Collected data entries:
▼

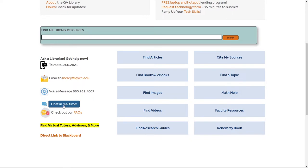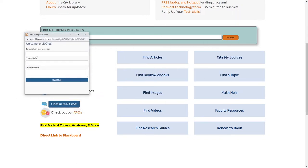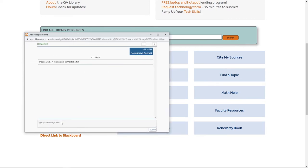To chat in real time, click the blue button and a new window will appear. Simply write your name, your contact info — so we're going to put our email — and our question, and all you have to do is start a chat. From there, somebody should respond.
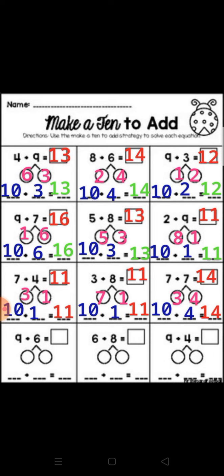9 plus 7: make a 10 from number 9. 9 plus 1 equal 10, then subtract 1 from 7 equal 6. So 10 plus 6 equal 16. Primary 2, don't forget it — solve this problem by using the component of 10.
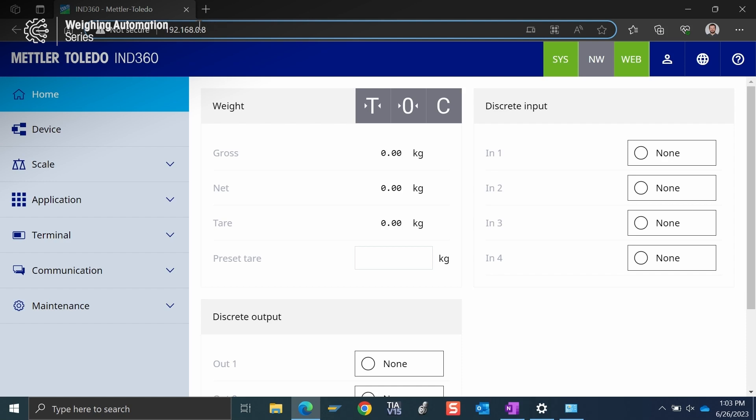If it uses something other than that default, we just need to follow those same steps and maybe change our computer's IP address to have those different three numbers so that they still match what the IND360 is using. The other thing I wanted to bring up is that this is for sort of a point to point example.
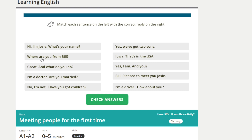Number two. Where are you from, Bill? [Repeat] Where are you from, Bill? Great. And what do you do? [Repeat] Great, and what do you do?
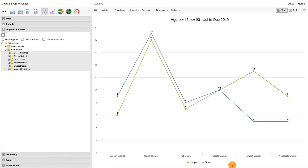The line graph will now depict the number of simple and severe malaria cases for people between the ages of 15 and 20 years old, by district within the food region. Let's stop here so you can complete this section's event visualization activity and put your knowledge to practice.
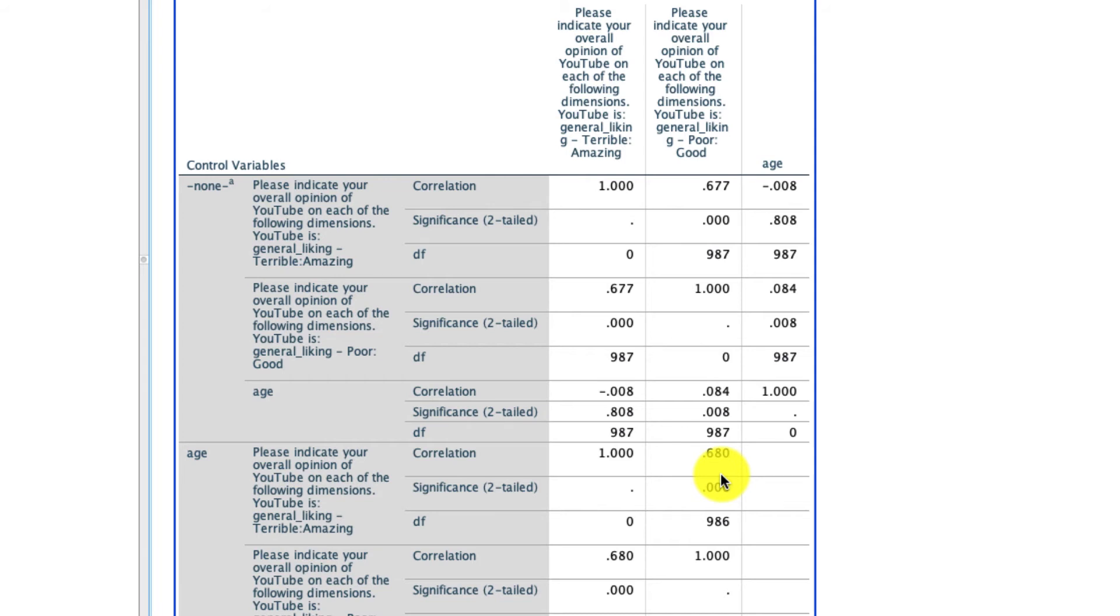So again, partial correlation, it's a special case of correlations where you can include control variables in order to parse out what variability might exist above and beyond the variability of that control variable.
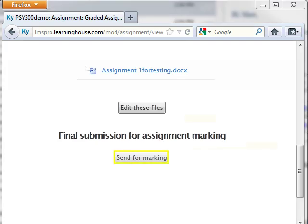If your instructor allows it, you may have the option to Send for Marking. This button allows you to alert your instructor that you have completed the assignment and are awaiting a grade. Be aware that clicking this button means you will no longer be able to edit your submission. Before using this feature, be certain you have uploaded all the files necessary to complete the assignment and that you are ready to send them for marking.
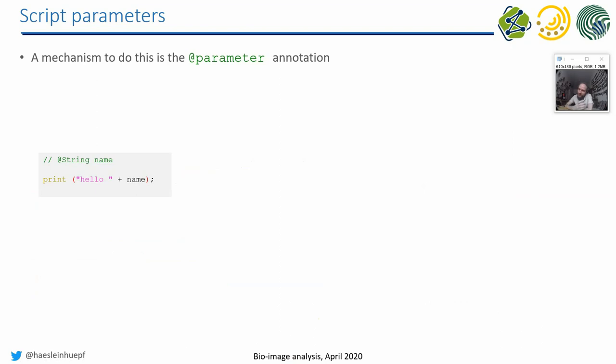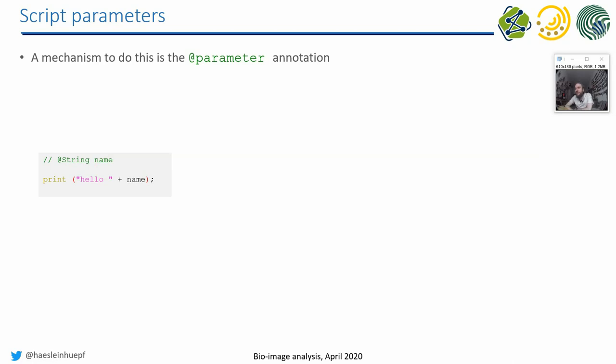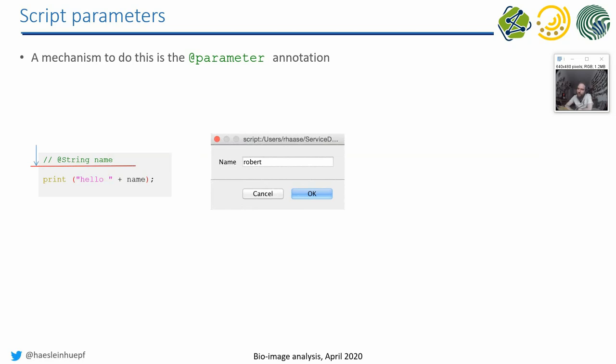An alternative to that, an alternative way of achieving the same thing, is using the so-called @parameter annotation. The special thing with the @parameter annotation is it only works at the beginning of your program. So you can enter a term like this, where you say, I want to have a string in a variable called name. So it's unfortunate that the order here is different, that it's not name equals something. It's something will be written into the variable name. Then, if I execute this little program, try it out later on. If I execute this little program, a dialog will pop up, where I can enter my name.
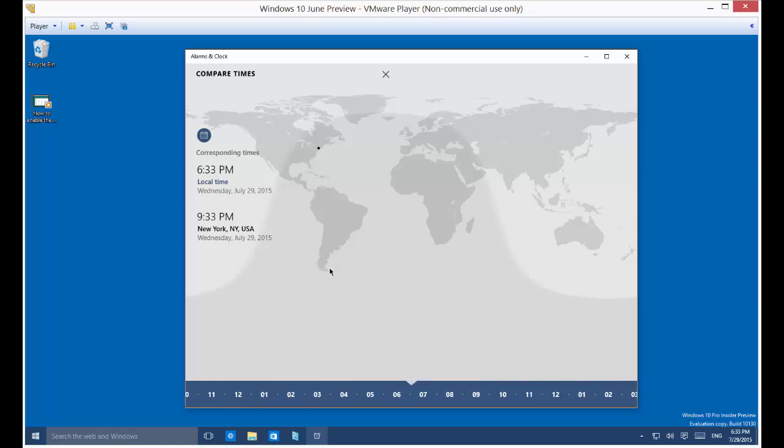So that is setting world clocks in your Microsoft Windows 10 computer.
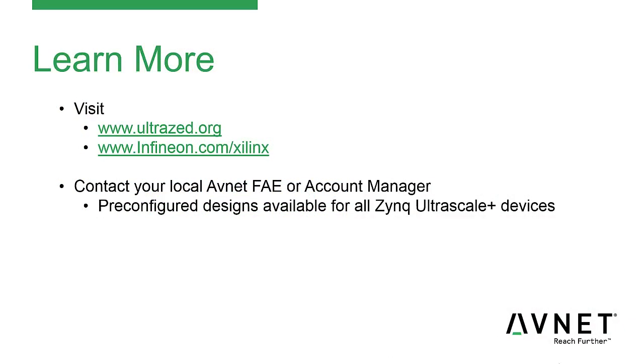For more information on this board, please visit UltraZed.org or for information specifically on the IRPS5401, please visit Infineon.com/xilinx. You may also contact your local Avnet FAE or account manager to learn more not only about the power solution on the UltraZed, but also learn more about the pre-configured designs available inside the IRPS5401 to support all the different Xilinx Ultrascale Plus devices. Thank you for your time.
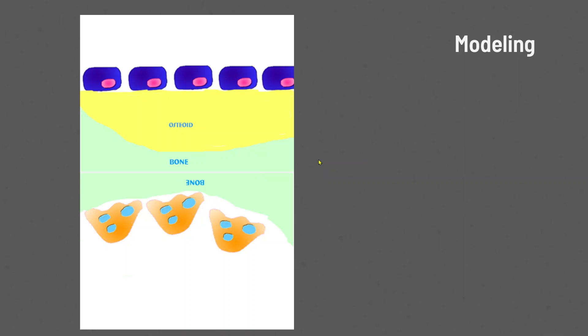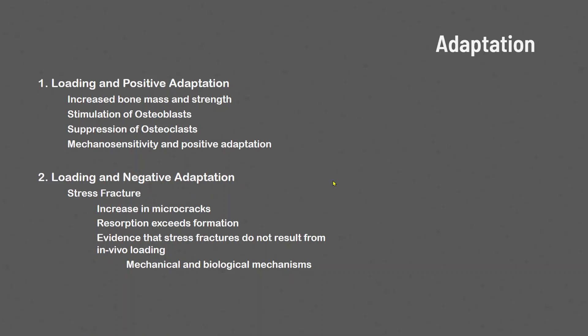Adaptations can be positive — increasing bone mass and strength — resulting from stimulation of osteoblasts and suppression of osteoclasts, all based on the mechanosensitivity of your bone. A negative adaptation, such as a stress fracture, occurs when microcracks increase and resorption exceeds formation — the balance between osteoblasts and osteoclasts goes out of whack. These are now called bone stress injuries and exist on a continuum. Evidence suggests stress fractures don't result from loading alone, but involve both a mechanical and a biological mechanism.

▲

Once you find the line with "An alternative to", restate it and every later line of the data word for word, excluding the pictures.

SOLVED PROBLEM:
An alternative to that, an alternative way of achieving the same thing, is using the so-called @parameter annotation. The special thing with the @parameter annotation is it only works at the beginning of your program. So you can enter a term like this, where you say, I want to have a string in a variable called name. So it's unfortunate that the order here is different, that it's not name equals something. It's something will be written into the variable name. Then, if I execute this little program, try it out later on. If I execute this little program, a dialog will pop up, where I can enter my name.
So that is setting world clocks in your Microsoft Windows 10 computer.
For more information on this board, please visit UltraZed.org or for information specifically on the IRPS5401, please visit Infineon.com/xilinx. You may also contact your local Avnet FAE or account manager to learn more not only about the power solution on the UltraZed, but also learn more about the pre-configured designs available inside the IRPS5401 to support all the different Xilinx Ultrascale Plus devices. Thank you for your time.
Adaptations can be positive — increasing bone mass and strength — resulting from stimulation of osteoblasts and suppression of osteoclasts, all based on the mechanosensitivity of your bone. A negative adaptation, such as a stress fracture, occurs when microcracks increase and resorption exceeds formation — the balance between osteoblasts and osteoclasts goes out of whack. These are now called bone stress injuries and exist on a continuum. Evidence suggests stress fractures don't result from loading alone, but involve both a mechanical and a biological mechanism.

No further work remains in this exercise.